宮沢賢治を演じた菅田もガラス製のランプが思い出深いようで「役所さんとの芝居でヒートアップしてぶつかって、貴重なガラス製のランプが割れて大変でした」と述懐。役所は「僕らが怪我をするよりもランプが壊れることの方がスタッフは…」とニヤリとして、菅田も「ガラスのランプは替えがききませんからね」と貴重な体験だったと口にしていた。
賢治の妹・トシを演じた森はラストシーンを見どころに挙げて「夢と愛で溢れた素敵なシーン。私自身も夢心地で撮影をしていました」と手応え。賢治の弟・清六を演じた豊田は「喜助が政次郎さんに『おめえは父親であり過ぎる』と言い放つセリフは政次郎さんを表すセリフなので印象的でした」と回想。これに賢治の祖父・喜助を演じた田中は「自分のセリフを忘れるくらい役所さんの芝居が面白くて、無我夢中で観察。

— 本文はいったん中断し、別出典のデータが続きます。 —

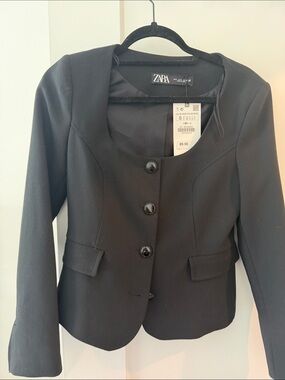Zara Black Round-Neck Button Front Women's Blazer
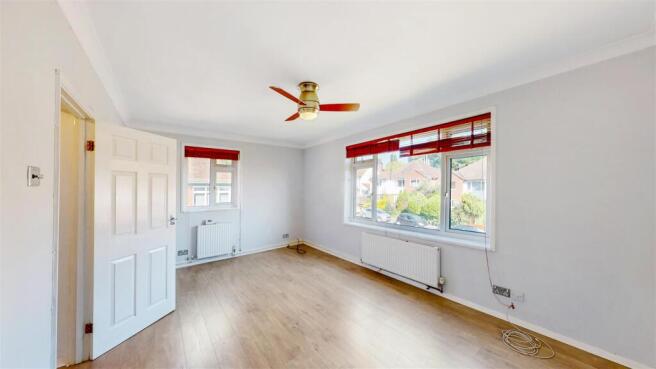 Flat 6, Roman Lodge - Mk4Hj32sM3UzOo34ntGY.jpg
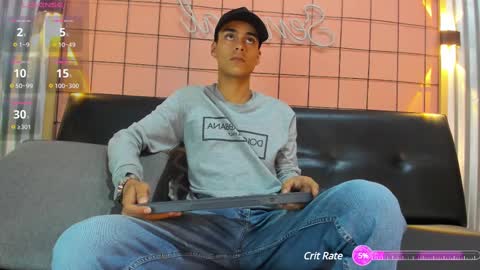 Snapshot of oliver_mejia chatting on 02-10-25, 01:46 THE MONSTER COCK OLIVER online show from 02-10-25, 01:46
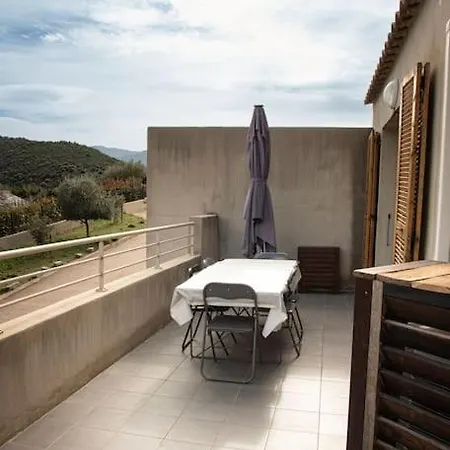 Avec Terrasse * אולטה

やはり凄いなあと思った」とリスペクトすると、若い時代を描いたシーンゆえに役所は「若作りしている泯さんを見たのが初めてだったので面白かった」と笑っていた。
賢治の母・イチを演じた坂井も役所の若き日がお気に入り。「冒頭シーンでの役所さんの白い割烹着姿がチャーミング。その姿にノックアウトされて欲しい」と予告すると、菅田は「前髪が良い!20代の設定ですよね?」と役所に確認して、当の役所は「そうです!」と照れていた。
また3歳から20歳までバスケをやっていたという豊田は、役所に対して「そんな僕でも全力の役所さんを止めることが出来なかった。筋トレをしていますか?」と質問。菅田も「わかる!わかる!大木だよね!全然動かない」と共感する中、役所は「そんな、そんな。散歩くらいですよ」とまさかの返答で、豊田&菅田ら若手を驚かせていた。

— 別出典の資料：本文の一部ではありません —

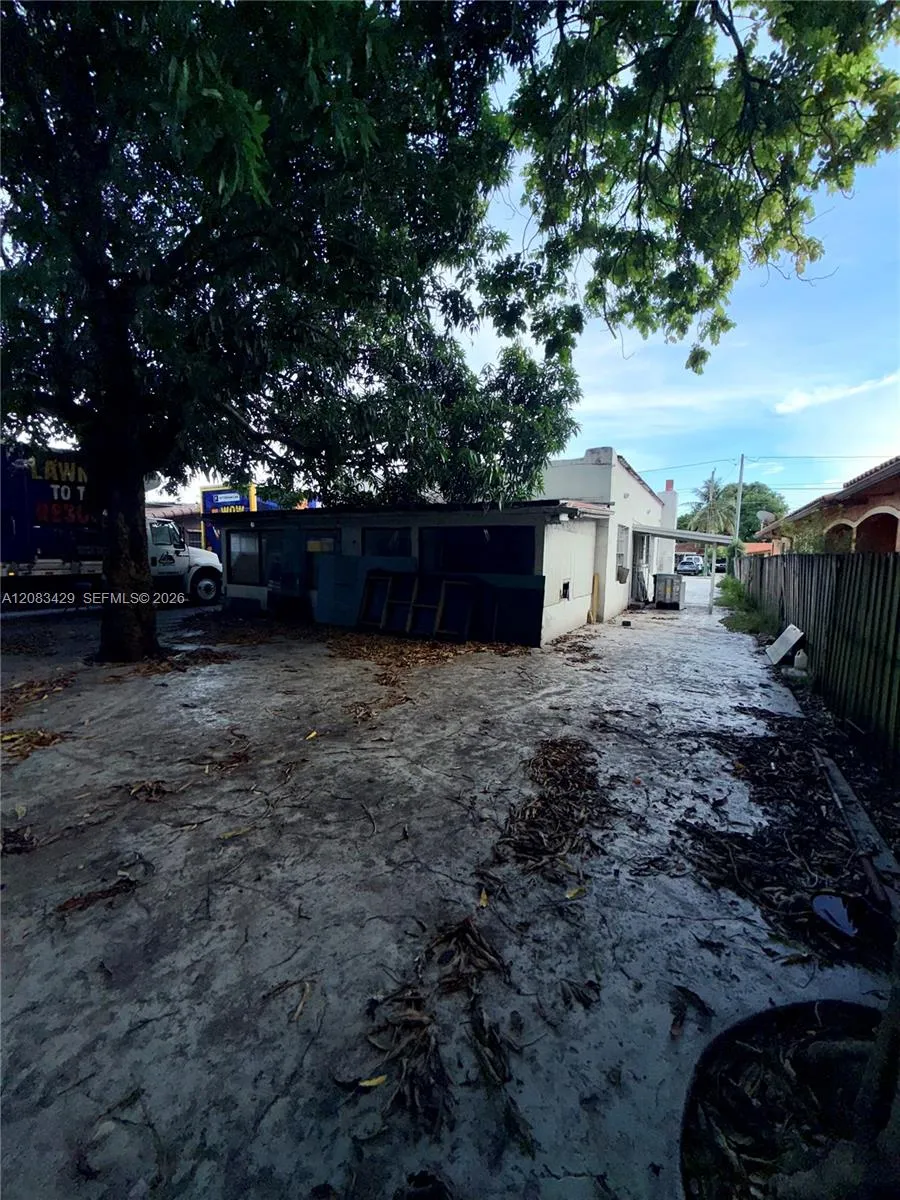 1829 NW 5th St Miami, FL 33125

一方、役作りのために減量していたという菅田は「ロケ地では何を食べていましたか?」とキャスト陣に質問。役所が「差し入れにいただいた五平餅」というと、菅田は「あれ美味しそうだった~!」と食べられずに悔しそう。すると坂井も「差し入れの薄いカリントウ!」といい、役所は「あれも美味かったね!食べてないでしょ?可哀想」と減量中で差し入れを口に出来なかった菅田の肩を叩いて同情。その菅田が「僕は近くのスーパーで買ったキャベツの千切りを食べていました。可哀想でしょ?」と訴えると、役所は「役者の鑑だね!」と冗談めかしつつも熱の入った役作りに賛辞を送っていた。
そして森は「殺気すら感じた」と菅田演じる宮沢賢治が鬼気迫る雰囲気で読経するシーンの舞台裏に興味津々。読経で声を枯らしたという菅田が「撮影前に近くのお寺で正座して精神統一をしたら気持ちが昂った。凄い声量と音で近隣に迷惑をかけたと思う」と苦笑いすると、政次郎として制止に入った役所は「菅田君は仮面ライダーもやっているから…。アクションは怖かった」と迫力を絶賛していた。